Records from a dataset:
◆ ◆ ◆ ◆
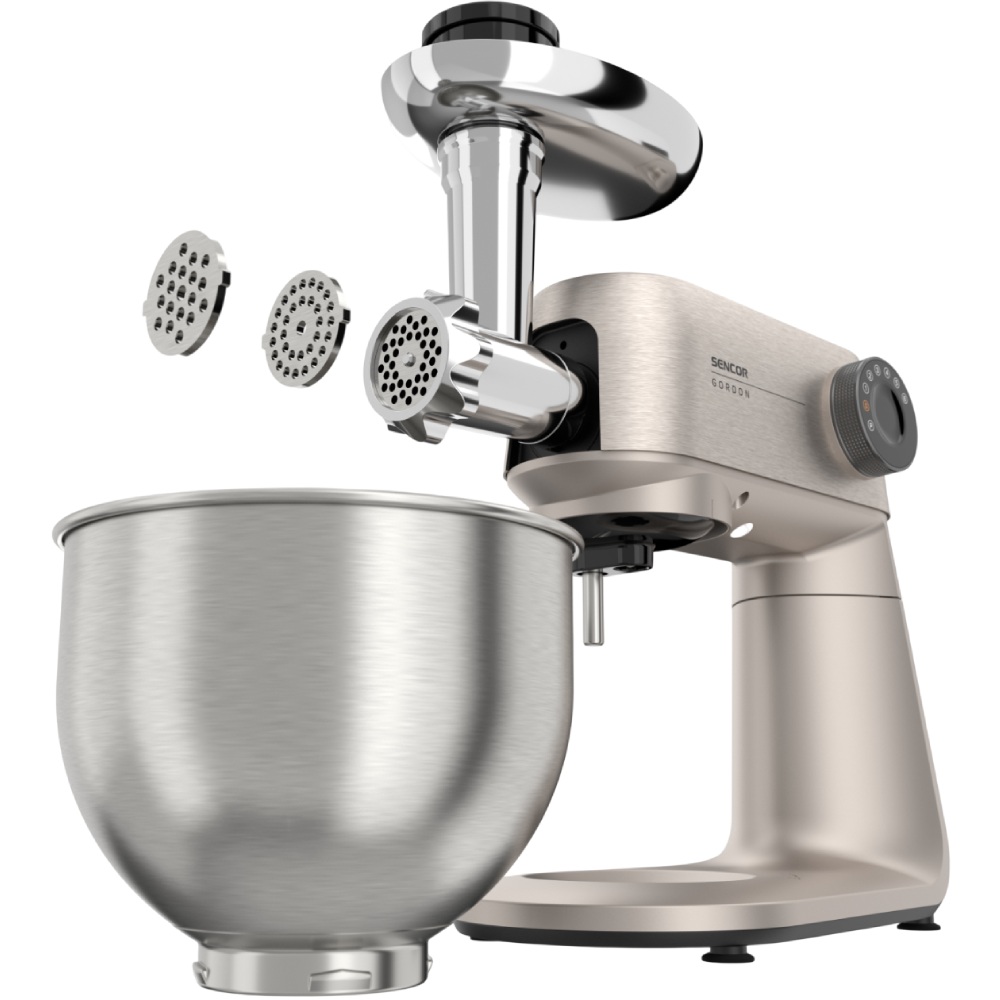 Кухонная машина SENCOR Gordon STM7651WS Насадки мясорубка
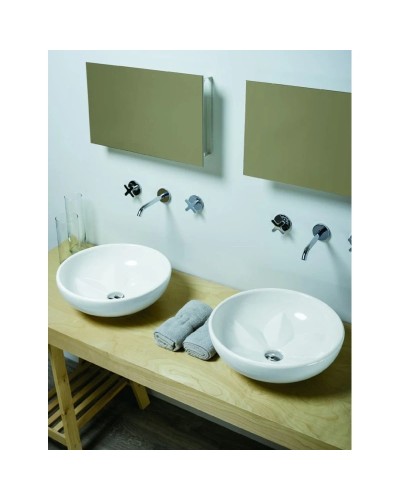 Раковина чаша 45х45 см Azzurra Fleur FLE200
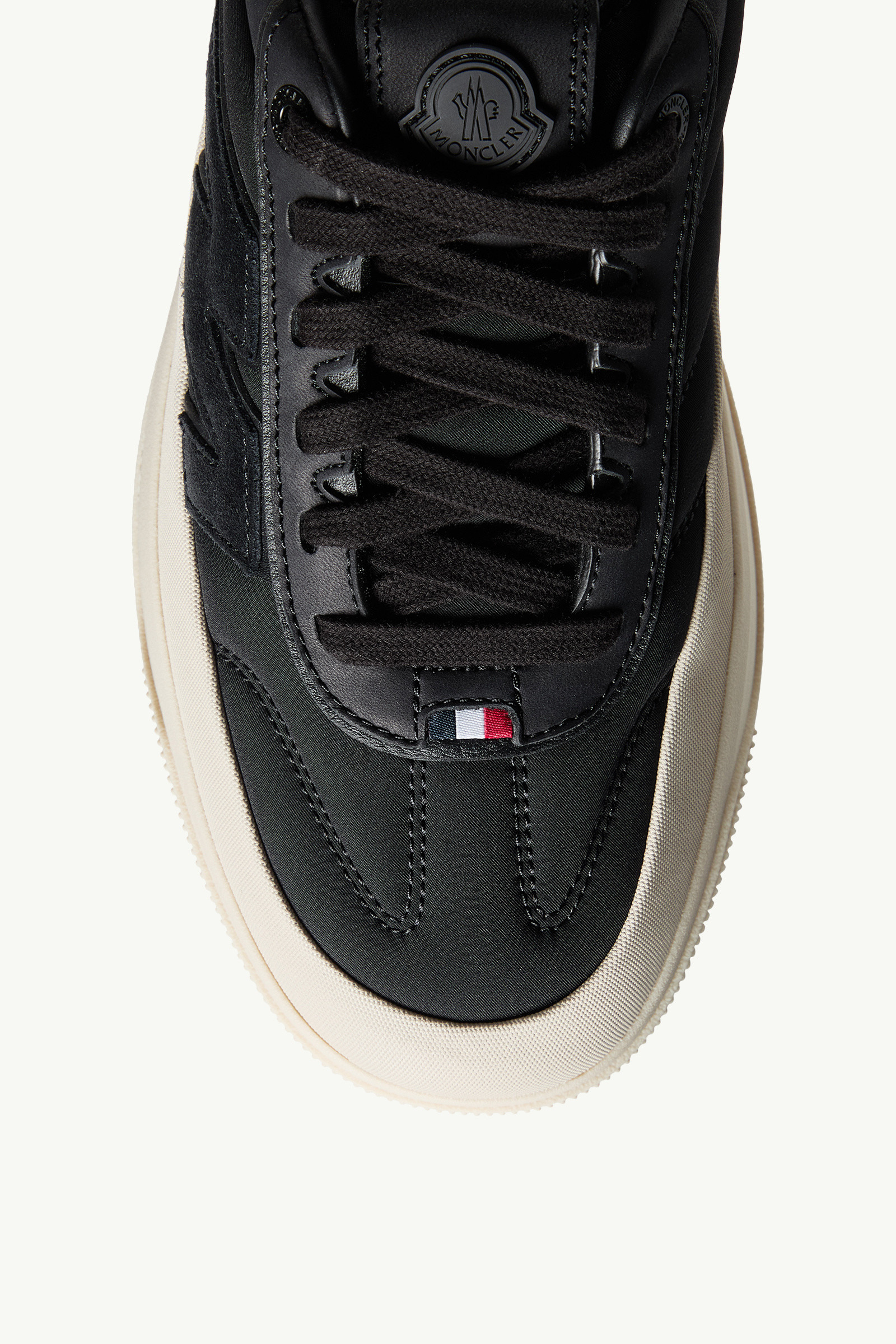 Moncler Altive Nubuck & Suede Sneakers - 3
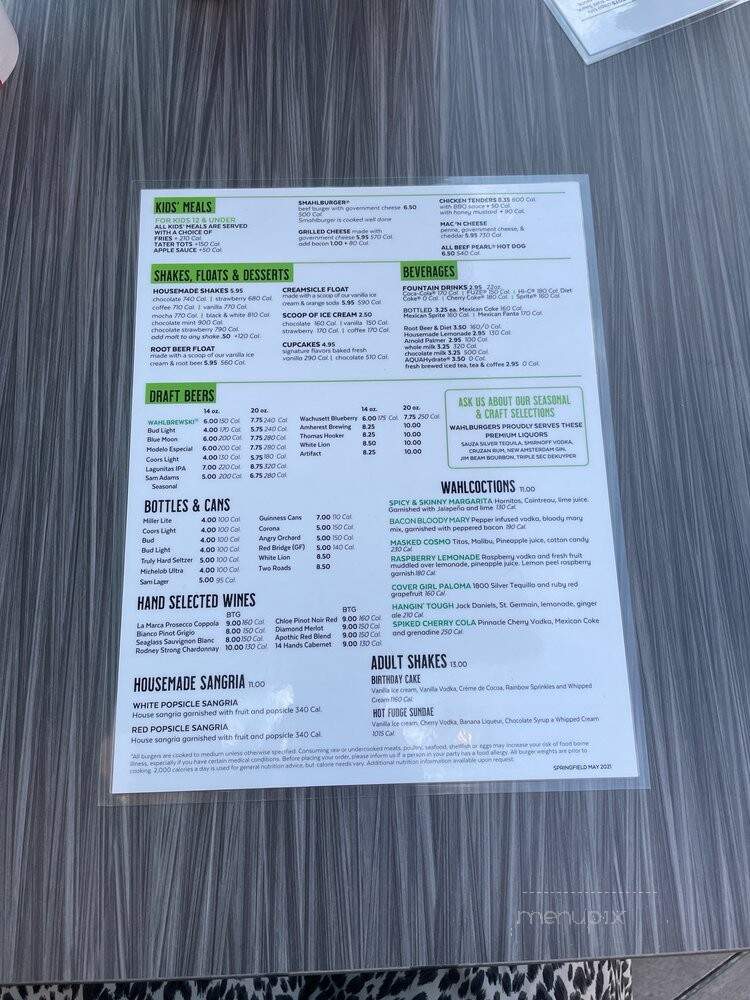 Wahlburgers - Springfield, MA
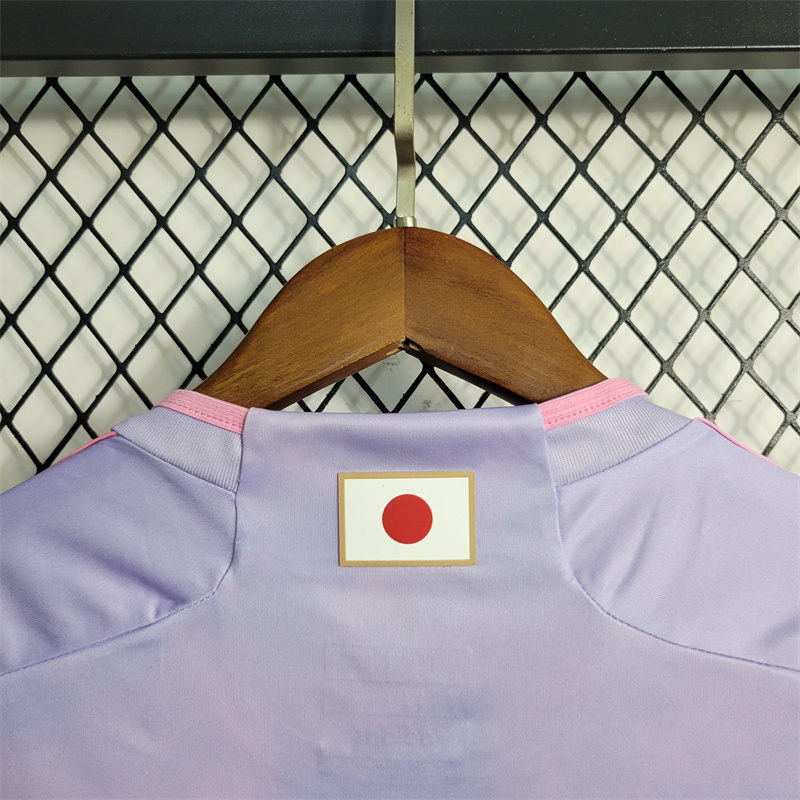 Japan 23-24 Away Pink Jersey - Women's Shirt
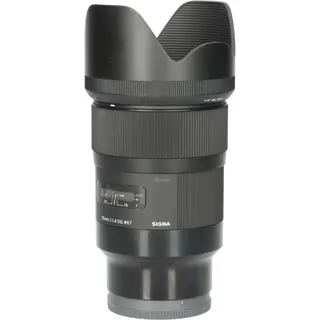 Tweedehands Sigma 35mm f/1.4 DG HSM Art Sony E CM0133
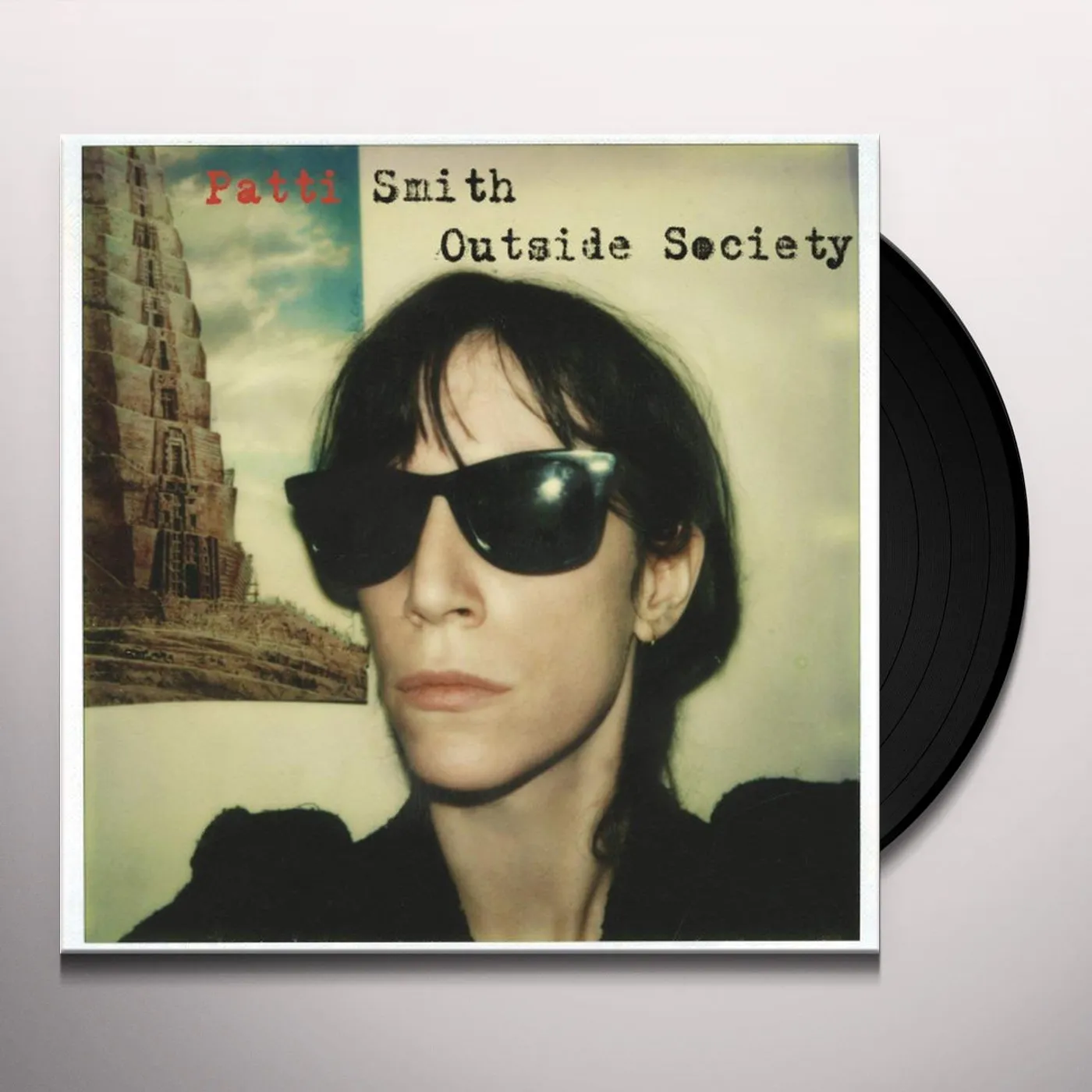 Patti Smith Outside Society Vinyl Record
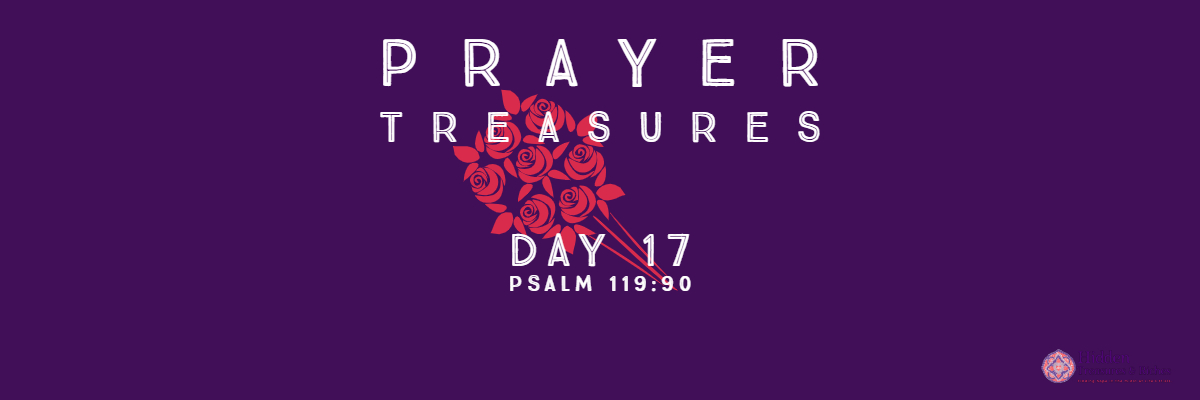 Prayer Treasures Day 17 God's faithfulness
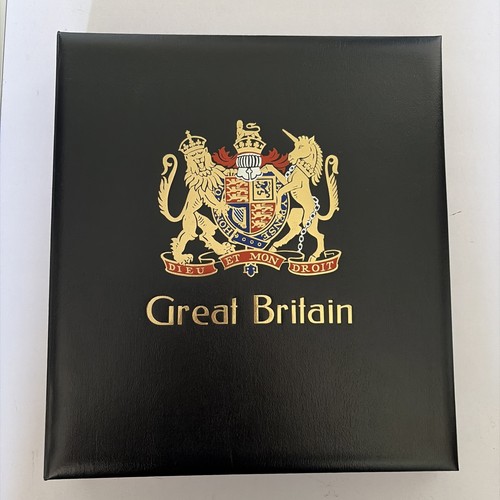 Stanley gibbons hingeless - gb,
◆ ◆ ◆ ◆
__EXERCISE PROMPT__
A precise copy of each record, with the images removed, should be output.

__OUTPUT FOR THIS EXERCISE__
 Кухонная машина SENCOR Gordon STM7651WS Насадки мясорубка
 Раковина чаша 45х45 см Azzurra Fleur FLE200
 Moncler Altive Nubuck & Suede Sneakers - 3
 Wahlburgers - Springfield, MA
 Japan 23-24 Away Pink Jersey - Women's Shirt
 Tweedehands Sigma 35mm f/1.4 DG HSM Art Sony E CM0133
 Patti Smith Outside Society Vinyl Record
 Prayer Treasures Day 17 God's faithfulness
 Stanley gibbons hingeless - gb,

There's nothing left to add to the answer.